When I pick up Noah at the end of the school day he has a ‘cat ate the bird’ look. The same look that Sylvester the Cat has in the rare instances when he’s swallowed Tweety Bird. Generally, it is just a moment before something terrible happens to him.

Hard to know if Noah has good news or bad news. He has been getting in trouble in school lately, so it’s always a toss up.

Noah is holding something back. We begin the walk home. He’s hopping with trepidation.  Half a block later, he stops suddenly.

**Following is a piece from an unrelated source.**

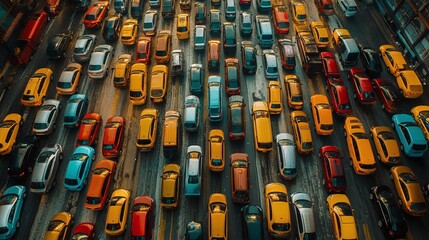 Fototapeta premium Heavy traffic jam in city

“Dad, dad, I absolutely have to show you something.”

“Here?”

“Yeah, yeah.”

“School related?”

“Yes.”

He drops his bag in the middle of the sidewalk. The rush hour tide splits around us.

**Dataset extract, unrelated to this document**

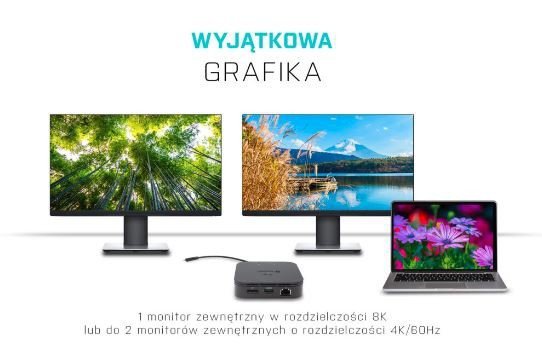 i-tec Stacja dokująca Thunderbolt 3 Travel Dock Dual 4K Display Power Delivery  60W + i-tec Universal Charger 77 W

“Noah, I prefer getting home first so we can look at stuff properly.”

“Dad, dad, I gotta show you.”

All I see for the moment are papers and notebooks and pencil cases about to explode on the sidewalk. I look for a refuge and spot a park bench that has not yet been removed in the city’s undeclared war against loiterers, like me.

“Come.”

I grab Noah by the collar and drag him and his bag to the bench.

He’s hardly noticed, so engrossed is he in his mission. His toque is askew, his sweater and his coat are open and flapping in the wind. Sometimes he looks so small, like a fevered mite struggling for space.

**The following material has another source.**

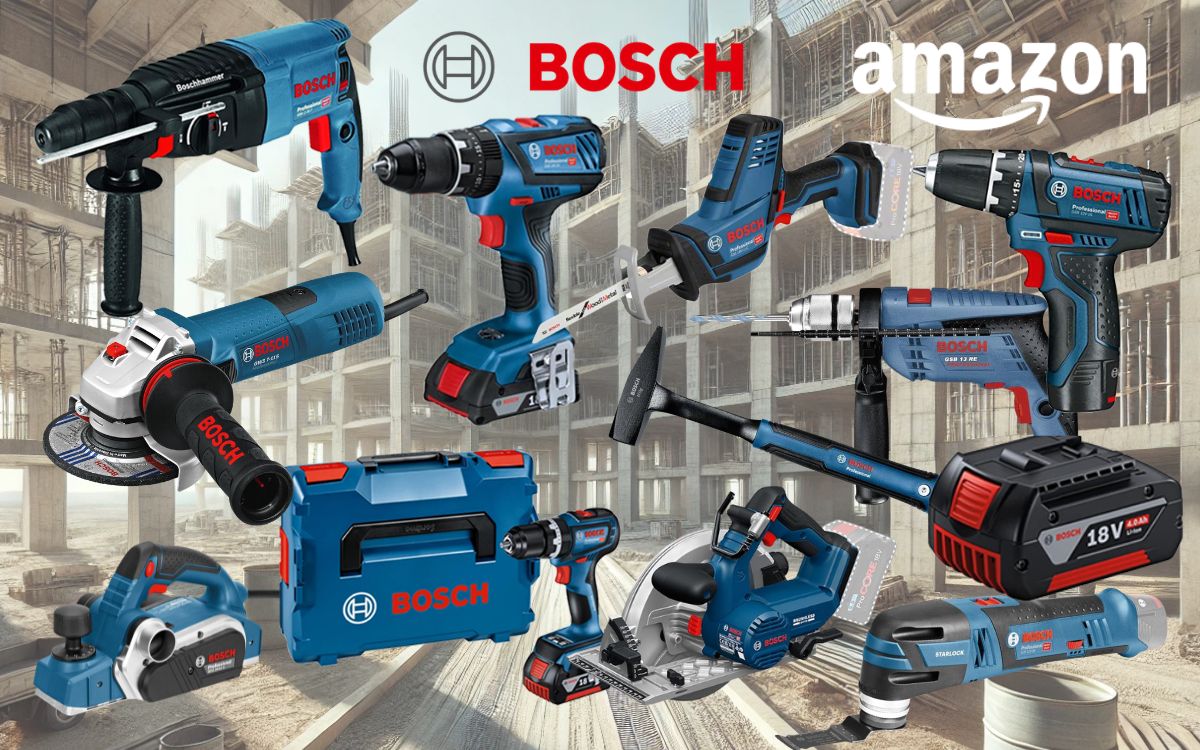 Bosch Professional Werkzeug wie Bohrmaschine und Winkelschleifer vor einem schwarzen Hintergrund.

I sit on the bench beside his bag, Now I’m at his height. He hands me  a sheet of paper.

It’s his Daily Progress Report instituted by his teacher (see post: No Passaran!). It chronicles his efforts on a number of dimensions like listening, working, respecting…M is for doing the right thing Most or all of the time, P for Part of the time.

He’s been getting lots of P’s and a rare M. And the occasional detention.

I unfold the paper, fully expecting Tweety Bird to flutter in my face.

I see M’s everywhere. Every dimension, and there are eight on the report.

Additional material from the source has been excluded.